Two can play this game as easily as one. Your client may truly believe that the General Counsel will never approve changes to your agreement. You can be equally adamant in your polite insistence that your attorney will never approve the agreement unless changes are made. You can even increase the ante: Your insurance advisor will not approve it, either. In the end, what this leaves you with is a standoff that can only be resolved through meaningful negotiations. Since this is your objective in the first place, you might suggest that you simply get on with it.
What some architects or engineers might agree to accept has absolutely nothing to do with you. You have an obligation to your client, to your firm, and to your staff to manage your affairs in a prudent, businesslike fashion. There may be professionals around and about who, for whatever reason, choose to do otherwise. Even if this is so, it is irrelevant. You might ask your client if he or she would seriously consider entrusting decisions about the expenditure of millions of dollars to those with no more business sense than to sign anything placed in front of them. It is not likely.

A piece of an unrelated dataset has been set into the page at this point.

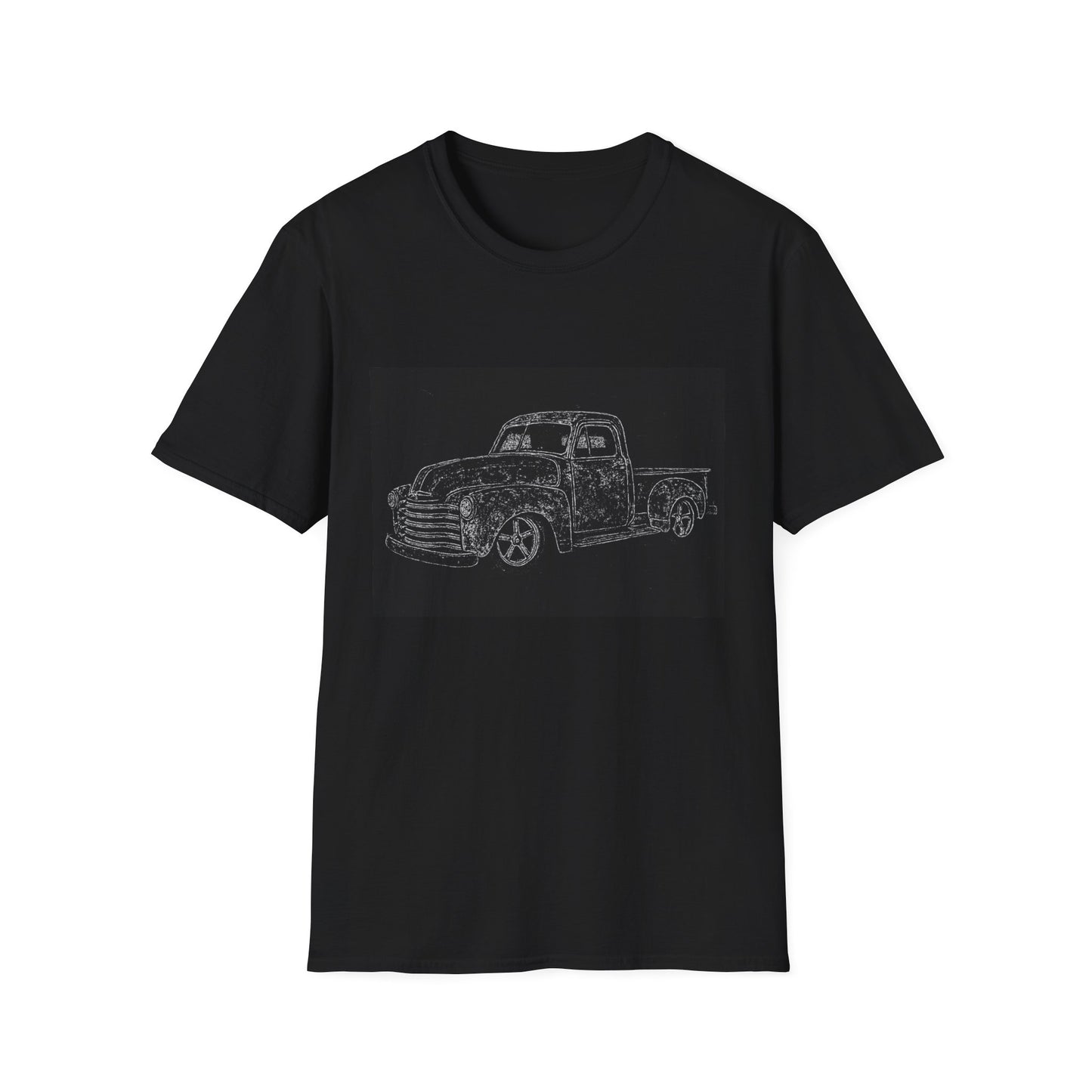 Vintage Pickup Sketch T-Shirt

If your concerns have to be referred to the General Counsel's office for review, so be it. Ask for a meeting. You need to convey your point of view to those who both understand the implications of the issues you wish to raise and have the authority to deal with them in the context of the project and the institutional environment in which it is being planned. The threat of delay may or may not be real. In any event, it is your client's decision, not yours. What you might do to help ease the burden is suggest that you be authorized to proceed with the pre-design phase while the details of your agreement are being finalized.
By the time you arrive at the negotiating table, your client has already invested a good deal of valuable time and energy in the project and in you. The selection process did not take place overnight. Having resolved the problem of finding the best design team available for the task at hand, your client is as anxious as you are to get on with the job. He or she may also have invested a healthy amount of personal credibility in the decision to bring you in. Having come this far, no one, least of all your client, wants to throw in the towel and start over again.

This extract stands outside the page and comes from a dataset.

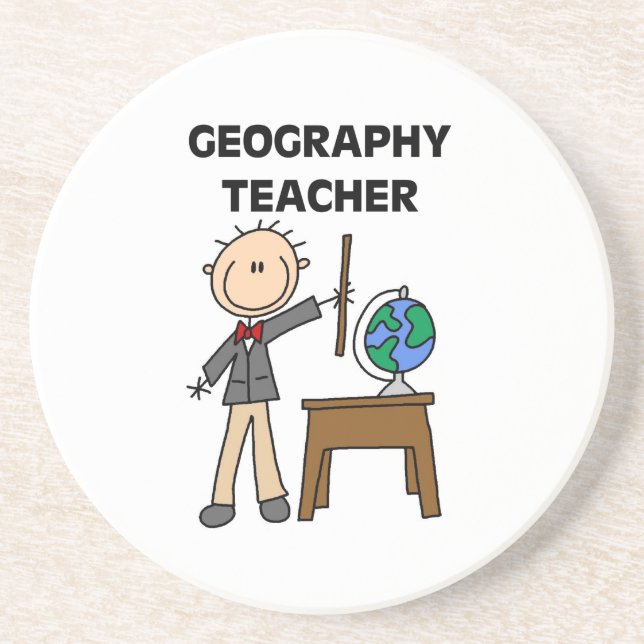 Dessous De Verre En Grès Professeur de géographie (Devant)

You made certain assumptions about the degree of risk and the level of responsibility you expected to assume when you estimated your fee in the first place. It makes no sense to make concessions about either without at least calling into question the validity of your fee proposal. Your client is likely to respond that these concessions represent business decisions you simply have to be prepared to make. Perhaps so, but how many can you grant before the potential cost exceeds any possible return you might realize by taking on the work? In theory, there is a point at which you would be better off writing a check for the difference and walking away from the job. This is a concept your client understands only too well. You might want to make clear that it is an understanding you share.
All this may sound like a game of hardball in a situation that calls for nothing quite so much as mutual respect and trust. It is hardball, but it need not be played to a win-lose conclusion. You can see it through without compromising either the integrity of the project or the goodwill of your client.
You have more bargaining strength than you might realize, and there is generally more room for negotiation than you might think. You can maintain your professionalism and balance throughout if you communicate to your client, going in, that the issues you wish to discuss are of great importance to you both, and if you deal with those issues firmly, but fairly, as you go along.